Innanzitutto, di Farjeon, Polillo ha già pubblicato tempo fa un bel romanzo, “Sotto la neve” (Mystery in White, 1937) e
niente poteva far presagire che ne pubblicasse un altro; tanto più che
la collana parrebbe avere un suo fine: quello cioè di offrire uno
spaccato della letteratura poliziesca di marca anglosassone (l’assenza
di titoli francesi dimostra quest’asserto) presentando un romanzo per
volta che secondo l’editore sia rappresentativo dell’autore che lo abbia
scritto. Ora, francamente, non è che Farjeon possa dirsi un autore
capitale per la letteratura gialla: capitali sono John Dickson Carr,
Ellery Queen e Agatha Christie (a proposito avete notato che non c'è
nessun romanzo di entrambi nella collana? Eppure di testi da ritradurre
ce ne sarebbero parecchi..); importantissimi possono essere
Chesterton,Van Dine e Rex Stout (un altro autore grandissimo ignorato);
importanti Daly King, Rufus King, Edmund Crispin; importanti possono essere Anthony
Berkeley, Monsignor Knox, Norman Berrow, e tanti altri.

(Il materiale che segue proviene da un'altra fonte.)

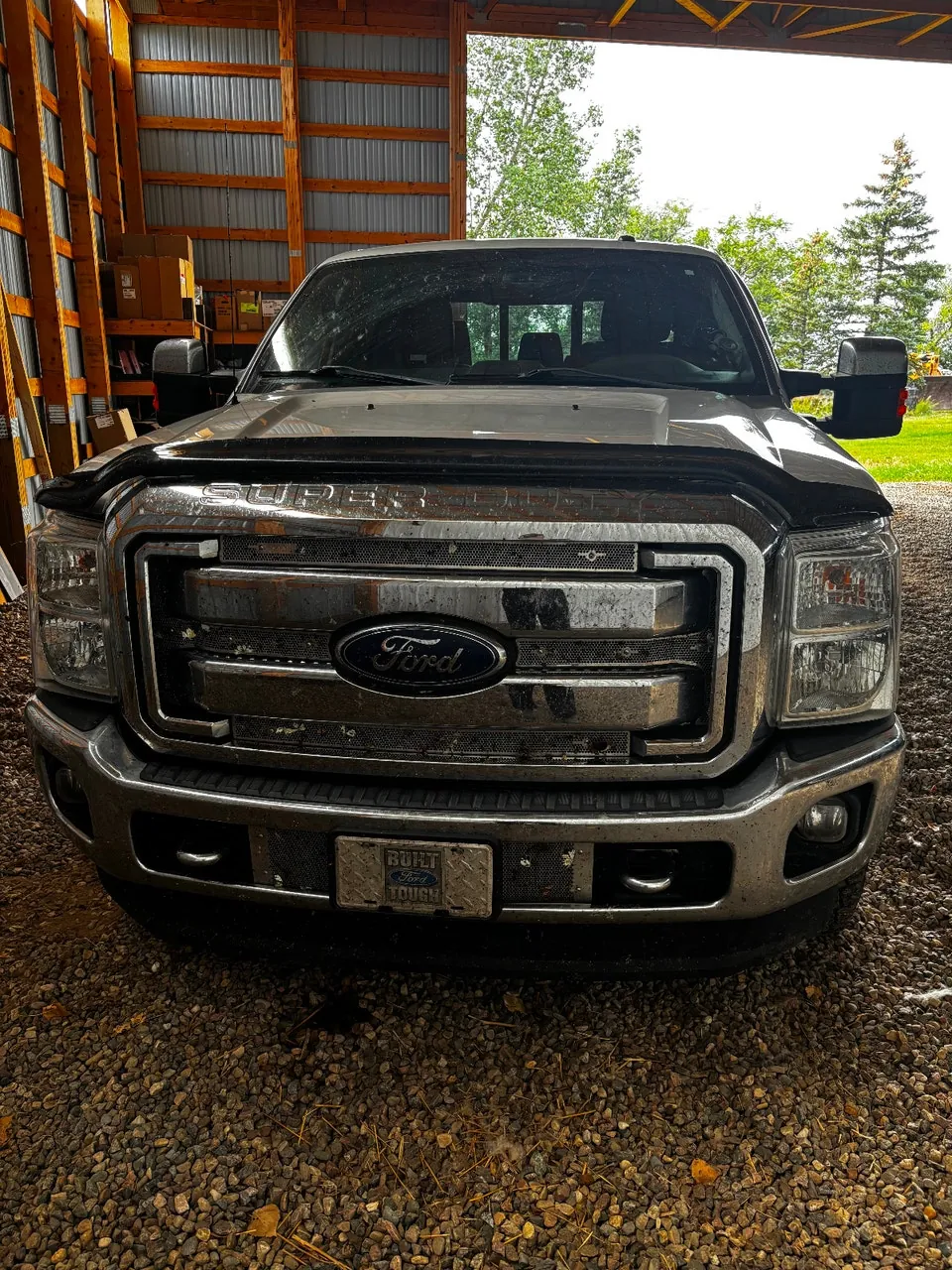 Ford F350 2015 photo 4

Ora, se è meritorio che Polillo abbia pubblicato
cose assolutamente poco conosciute in Italia, è altrettanto necessario
che si dica che tanti ancora aspettano il loro turno, autori del calibro
di Virgil Markham , Clifford Orr, Alan Thomas, Derek Smith e Clayton
Rawson (questi due già pubblicati ma non integralmente), Clason,
Tillett, Norman Berrow, Max Afford, Crofts, James Ronald, David Duncan, James Ronald, Theodore Roscoe, T. H. White e altri ancora.
“La casa dei
sette cadaveri” è del 1939: leggendolo e analizzandone la struttura
della trama, è come se facesse intendere che nel frattempo tutti gli
autori che avevano innovato il genere del Giallo Classico (almeno i
Christie, Queen, Van Dine, Carr, Rufus e Daly King, Stout, Marsh,
MacDonald, Innes) non fossero mai esistiti.
Il discorso sulla collana
potrebbe ovviamente essere ampliato: chi, come me, ne possiede parecchi,
avrà notato che ogni tanto esce un secondo romanzo di un certo autore.
Già questo in teoria potrebbe essere visto come un deviare dalla rotta,
perchè nel momento in cui viene pubblicato un secondo viene spontaneo
chiedersi perchè allora non lo si faccia con altri, tanto più che fin
quando di Carr ne uscissero due, nessuno direbbe nulla, ma che escano
due Farjeon o addirittura due Fletcher, insomma..fa pensare. Poi ci sono
stati 2 Rhode, 2 Berkeley e 2 Reilly: io, per conto mio, pur amando la
Reilly (posseggo quasi tutti i romanzi usciti in Italia ), avrei
preferito che ad una sua seconda uscita fosse uscito qualcos’altro, per
es. Whistle Up The Devil tradotto da Casini negli anni ’50 con
“Un fischio al Diavolo” e tagliato di almeno il 50%, che ho letto
recentemente e che è un’autentica bellezza; stessa cosa per Rhode.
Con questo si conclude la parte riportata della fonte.